"I found Private First Class Hayes with a woman under an empty carport. He pointed his M-16 at her head, but she would not stop screaming.
'What are you doing this for?' she said.
Hayes told her to shut up.
'We've done nothing to you,' she went on.
Hayes was starting to lose it, and we weren't even supposed to be talking to this woman. I told her that we were there on orders and that we couldn't speak to her, but on and on and on she bawled at Hayes and me.
'You Americans are disgusting! Who do you think you are, to do this to us?'
Hayes slammed her in the face with the stock of his M-16. She fell face down into the dirt, bleeding and silent. The woman lay still on the ground.
I pushed Hayes away. 'What are you doing, man?' I said to him. 'You've a wife and 2 kids! Don't be hitting her like that.'
He looked at me with eyes full of hatred, as if he was ready to kill me for saying what I did, but he didn't touch her again.
Then something happened that haunts my dreams to this day.
All the women were led back inside the house, and our entire platoon was ordered to stand guard outside. Four US military men who outranked us went inside with the women. They closed the doors. We couldn't see anything through the windows.
I don't know who the military men were, or what unit they were from, but I can only conclude that they outranked us and were at least at the level of a first lieutenant or above. That's because our own Second Lieutenant Joyce was there, and his presence did not deter them...
Normally when we conducted a raid we were in and out in 30' minutes or less. You never wanted to stay in one place for too long, for fear of exposing yourself to mortar attacks. But our platoon was made to stand guard outside that house for about an hour. The women started shouting and screaming. The men stayed in there with them, behind closed doors. It went on and on and on.
Finally, the men came out and told us to get the hell out of there.
It struck me then that we, the American soldiers, were the terrorists.
We were terrorising Iraqis. Intimidating them. Beating them. Destroying their homes. Probably raping them. The ones we didn't kill had all the reasons in the world to become terrorists. Given what we were doing to them, who could blame them for wanting to kill us, and all Americans? This sick realisation lodged like cancer in my gut. It grew, and festered, and troubled me more with every passing day.
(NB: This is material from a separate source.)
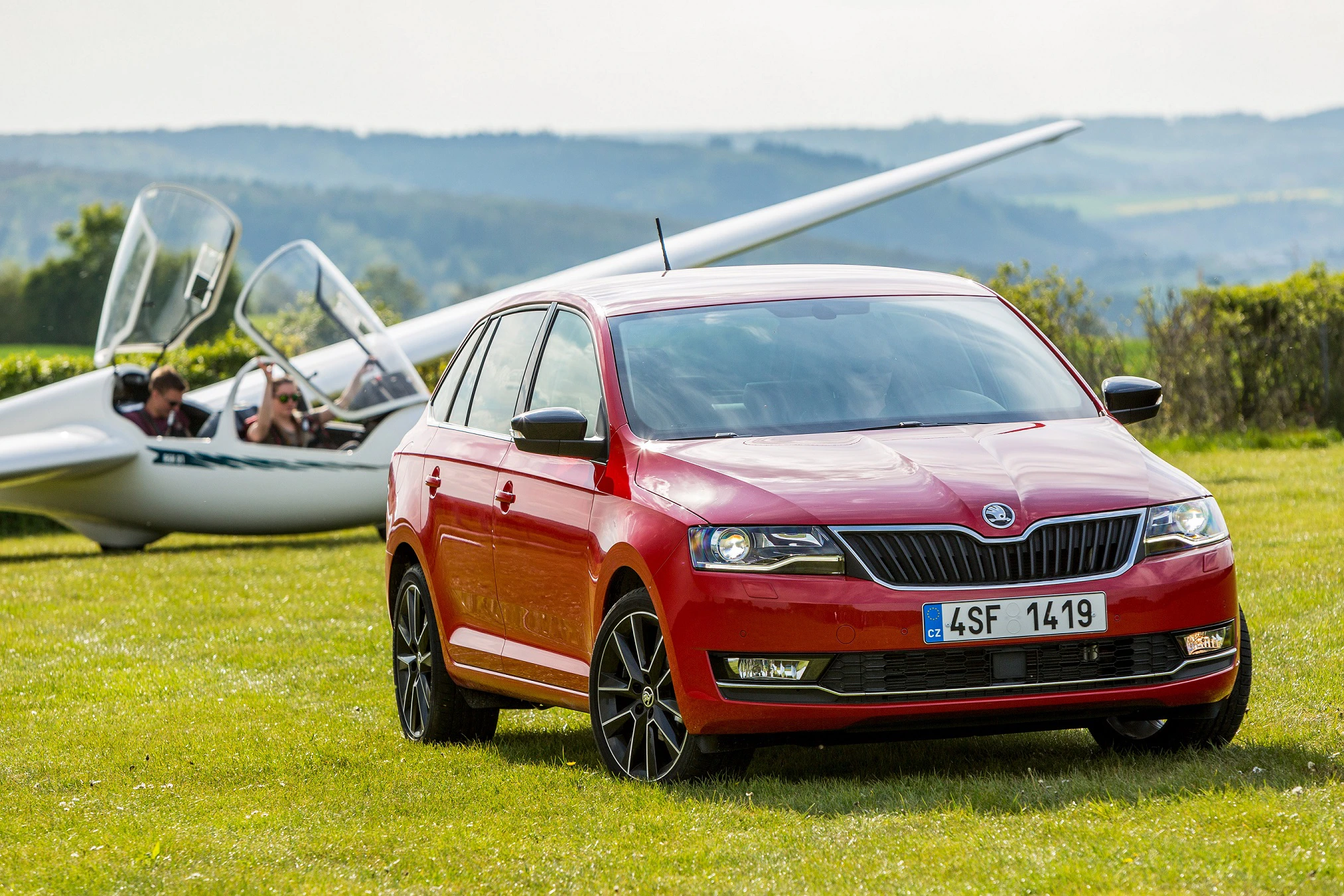 Roter Skoda auf einer Wiese, im Hintergrund ein Segelflugzeug und zwei Personen, die sich zum Start vorbereiten. Hügelige Landschaft im Hintergrund.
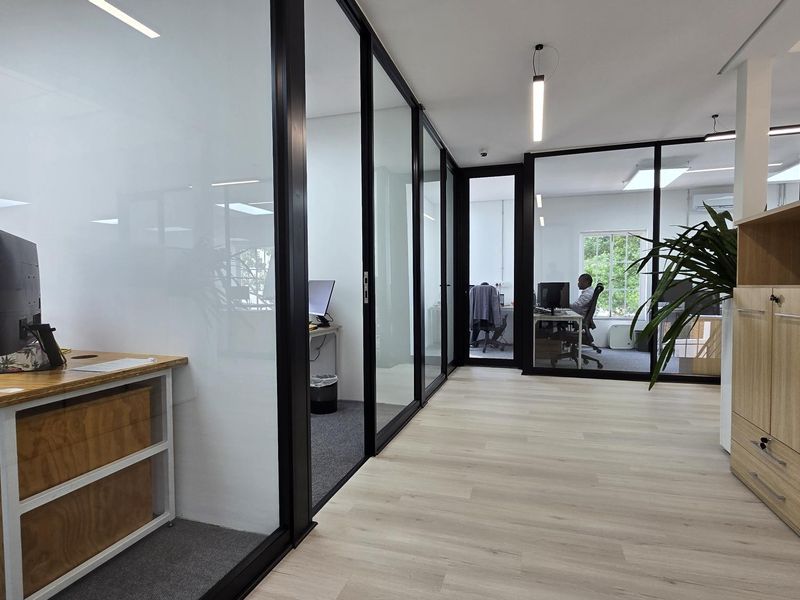 Modern office space featuring glass partition walls with black aluminum frames, light wood laminate flooring, and integrated storage cabinetry.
We, the Americans, had become the terrorists in Iraq." (Joshua Key, The Deserter's Tale: Why I Walked Away from the War in Iraq, pp 133-134)
Read this: "Australians have a 'quite robust' tolerance for battlefield casualties in Afghanistan, Defence Minister Joel Fitzgibbon said yesterday as the body of our latest casualty was flown out of the war zone for home." (Aussies 'accept' Afghan casualties, The Australian, 14/7/08)
And this: "Mr Fitzgibbon said he was trying to persuade his own daughter, in her first year of nursing at the University of Newcastle, to join up. 'If she joined the ADF she'd be remunerated and she'd have her HECS fees paid for her', he said. 'She would have a return of service obligation for 4 years after she completed her studies, and I'd be more than delighted for her to do so'." (Students to get taste of life in the military, The Australian, 14/7/08)
What a leader! What a dad! I'm lost for words.
If Ms Fitzgibbon does join up, this will surely inspire a stampede of politicians' offspring to step up to the plate, if I can use an Americanism Fitz must be hearing a lot while "in the US for meetings with defence suppliers, senior officials of the Bush administration and members of Congress..." (Aussies 'accept'... 14/7/08)
Oh, and Fitz's parliamentary secretary for defence, Mike Kelly, Member for Eden-Monaro, has been over in Israel paying his respects to his cousin-in-law, Israeli PM Ehud Olmert: "'We've talked about the future of settlements as security mechanisms and things like that', Mr Kelly said." (Friendly family feud with cousin Ehud, The Australian, 24/6/08) Settlements as "security mechanisms"? If anyone can enlighten me as to the meaning of this, I'd be most grateful. "... and things like that"? Tell me more.
You've got to feel sorry for Kelly Jr, though. Is it the A'D'F or the I'D'F? Decisions, decisions.